Download Ratgeber Einbürgerung und Einbürgerungstest



Ermessenseinbürgerung: Die Behörde entscheidet

Auch wenn Sie nicht alle Voraussetzungen erfüllen, um einen gesetzlichen Anspruch auf Einbürgerung zu haben, können Sie durch das Ermessen der Behörde unter bestimmten Umständen die deutsche Staatsangehörigkeit erhalten.

Was bedeutet „Einbürgerung durch Ermessen“

Ermessen der Behörde bedeutet, dass die zuständige Einbürgerungsbehörde entscheiden kann, ob Sie auch eingebürgert werden, wenn Sie nicht alle Bedingungen der Anspruchseinbürgerung erfüllen. Besitzen Sie also z.B. keine Erlaubnis zum dauerhaften Aufenthalt in Deutschland, wie es bei der Anspruchseinbürgerung gefordert wird, liegt es im Ermessen der Einbürgerungsbehörde, ob Sie eingebürgert werden.

Wenn ein öffentliches Interesse an der Einbürgerung besteht und einige Voraussetzungen erfüllt sind, kann die Einbürgerungsbehörde zu einer positiven Entscheidung kommen. Ein öffentliches Interesse besteht beispielsweise bei Spitzensportlern, Film- oder Musikstars, hier kann es zu Abweichungen von den Anforderungen an die Aufenthaltszeit in Deutschland kommen. Ein öffentliches Interesse kann aber auch bestehen, wenn Sie für die Behörde, Wissenschaft, Forschung, Wirtschaft oder Medien arbeiten, also bei Ihrem Arbeitgeber ein besonderes Interesse an Ihnen als Arbeitskraft besteht.

Damit die Einbürgerungsbehörde eine Einbürgerung durch Ermessen bewilligt, müssen Sie folgende Mindestvoraussetzungen erfüllen:

  • Sie haben einen Antrag auf Einbürgerung gestellt.
  • Sie sind nicht wegen einer Straftat verurteilt.
  • Sie halten sich rechtmäßig und gewöhnlich in Deutschland auf.
  • Sie wohnen in einer Wohnung oder haben eine andere Unterkunft.
  • Sie können Ihren Lebensunterhalt sowie den unterhaltsberechtigter Angehöriger aus eigener Erwerbstätigkeit oder eigenem Vermögen sichern.
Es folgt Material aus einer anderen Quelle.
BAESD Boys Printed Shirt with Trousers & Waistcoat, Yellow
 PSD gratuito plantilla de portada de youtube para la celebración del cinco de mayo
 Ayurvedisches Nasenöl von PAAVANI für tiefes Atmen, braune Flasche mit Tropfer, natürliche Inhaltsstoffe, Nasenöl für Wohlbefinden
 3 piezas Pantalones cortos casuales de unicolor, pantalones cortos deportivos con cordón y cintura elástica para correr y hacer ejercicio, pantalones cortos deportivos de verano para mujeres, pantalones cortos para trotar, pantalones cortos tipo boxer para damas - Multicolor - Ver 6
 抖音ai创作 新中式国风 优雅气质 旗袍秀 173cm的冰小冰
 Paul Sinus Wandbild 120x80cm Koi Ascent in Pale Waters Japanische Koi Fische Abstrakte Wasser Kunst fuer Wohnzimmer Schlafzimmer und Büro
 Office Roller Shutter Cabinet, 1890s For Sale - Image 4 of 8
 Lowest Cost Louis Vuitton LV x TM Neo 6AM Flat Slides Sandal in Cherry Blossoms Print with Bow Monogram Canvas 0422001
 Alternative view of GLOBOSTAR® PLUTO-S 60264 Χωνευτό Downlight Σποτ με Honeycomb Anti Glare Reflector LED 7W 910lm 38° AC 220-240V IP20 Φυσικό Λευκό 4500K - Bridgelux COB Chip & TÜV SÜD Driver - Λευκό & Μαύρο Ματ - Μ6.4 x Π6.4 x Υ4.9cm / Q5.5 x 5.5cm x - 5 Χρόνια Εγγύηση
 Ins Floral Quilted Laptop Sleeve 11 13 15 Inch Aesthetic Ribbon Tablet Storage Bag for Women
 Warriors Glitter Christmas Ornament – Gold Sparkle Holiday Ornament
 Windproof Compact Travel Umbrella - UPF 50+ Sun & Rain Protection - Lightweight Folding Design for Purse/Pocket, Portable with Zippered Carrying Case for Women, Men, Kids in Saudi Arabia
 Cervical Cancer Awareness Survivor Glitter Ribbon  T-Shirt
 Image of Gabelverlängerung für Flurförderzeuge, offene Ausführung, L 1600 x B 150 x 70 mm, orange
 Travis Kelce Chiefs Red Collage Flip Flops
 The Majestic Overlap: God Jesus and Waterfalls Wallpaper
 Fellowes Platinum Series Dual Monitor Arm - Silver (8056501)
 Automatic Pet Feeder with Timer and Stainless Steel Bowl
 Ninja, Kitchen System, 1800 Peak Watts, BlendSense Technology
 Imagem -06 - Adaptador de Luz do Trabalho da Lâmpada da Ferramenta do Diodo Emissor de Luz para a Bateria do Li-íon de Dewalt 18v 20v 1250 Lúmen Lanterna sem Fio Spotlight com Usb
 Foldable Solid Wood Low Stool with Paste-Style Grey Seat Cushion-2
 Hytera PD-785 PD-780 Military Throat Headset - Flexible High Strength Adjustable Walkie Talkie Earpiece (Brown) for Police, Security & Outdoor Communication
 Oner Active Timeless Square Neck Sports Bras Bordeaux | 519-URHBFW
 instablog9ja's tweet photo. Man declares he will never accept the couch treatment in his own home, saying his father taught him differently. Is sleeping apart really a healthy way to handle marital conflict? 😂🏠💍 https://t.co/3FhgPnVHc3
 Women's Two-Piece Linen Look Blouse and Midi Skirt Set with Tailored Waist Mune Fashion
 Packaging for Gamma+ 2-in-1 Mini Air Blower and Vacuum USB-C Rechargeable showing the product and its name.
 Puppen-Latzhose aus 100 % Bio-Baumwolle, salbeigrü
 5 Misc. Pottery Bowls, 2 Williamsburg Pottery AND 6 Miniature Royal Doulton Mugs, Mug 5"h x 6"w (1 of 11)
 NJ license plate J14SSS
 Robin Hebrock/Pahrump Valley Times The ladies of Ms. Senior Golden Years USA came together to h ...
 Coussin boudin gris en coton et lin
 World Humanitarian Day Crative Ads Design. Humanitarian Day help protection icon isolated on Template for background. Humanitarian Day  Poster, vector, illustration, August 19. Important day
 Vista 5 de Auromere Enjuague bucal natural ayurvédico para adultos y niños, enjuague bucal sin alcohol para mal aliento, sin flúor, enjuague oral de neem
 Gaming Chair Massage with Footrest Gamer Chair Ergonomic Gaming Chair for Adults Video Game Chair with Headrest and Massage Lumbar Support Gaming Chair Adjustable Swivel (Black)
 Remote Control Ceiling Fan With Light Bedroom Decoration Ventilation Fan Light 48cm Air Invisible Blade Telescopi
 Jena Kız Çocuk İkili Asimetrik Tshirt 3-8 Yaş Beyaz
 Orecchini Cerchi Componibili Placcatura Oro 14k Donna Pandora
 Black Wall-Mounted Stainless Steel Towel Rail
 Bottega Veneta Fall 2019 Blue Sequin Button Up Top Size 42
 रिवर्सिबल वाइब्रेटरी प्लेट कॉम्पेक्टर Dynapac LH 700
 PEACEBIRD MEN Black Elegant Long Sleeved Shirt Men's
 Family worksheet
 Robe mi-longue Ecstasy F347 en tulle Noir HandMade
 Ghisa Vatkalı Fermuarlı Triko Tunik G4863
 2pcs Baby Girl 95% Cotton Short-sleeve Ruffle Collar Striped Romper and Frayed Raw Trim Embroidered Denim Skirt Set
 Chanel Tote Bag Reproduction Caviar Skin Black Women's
Über diese Bedingungen hinaus verlangt die Einbürgerungsbehörde die Erfüllung folgender Voraussetzungen für die Einbürgerung durch Ermessen:

  • Die Aufgabe/ den Verlust der alten Staatsangehörigkeit: Die bisherige ausländische Staatsangehörigkeit muss in der Regel aufgegeben werden, um Mehrstaatigkeit zu vermeiden. Ausnahmen sind auch für die Einbürgerung durch Ermessen nur in Sonderfällen möglich. Hier finden Sie die Voraussetzungen der doppelten Staatsbürgerschaft.
  • Nachweis ausreichender deutscher Sprachkenntnisse: Die Deutschkenntnisse müssen ebenso wie bei der Anspruchseinbürgerung mündlich und schriftlich den Anforderungen an die Sprachprüfung zum Zertifikat Deutsch (Niveau B 1 des Gemeinsamen Europäischen Referenzrahmens) entsprechen. Die Nachweise können z.B. durch das Zertifikat, einen bestandenen Sprachtest oder den Schulbesuch in Deutschland erbracht werden.
  • Bestehen des Einbürgerungstests: Seit dem 1. September 2008 müssen Ausländer für ihren Anspruch auf Einbürgerung in einem Einbürgerungstest nachweisen, dass sie sich bereits ausreichend in Deutschland integriert haben. Abgefragt werden Kenntnisse der Rechts- und Gesellschaftsordnung sowie der Lebensverhältnisse in Deutschland. Aus einem Katalog von insgesamt 310 Fragen müssen im Multiple-Choice-Verfahren 33 Fragen beantwortet werden, 17 davon richtig. Darunter sind Fragen zur Demokratie, zu den Prinzipien eines Rechtsstaates, Gleichberechtigung und Toleranz.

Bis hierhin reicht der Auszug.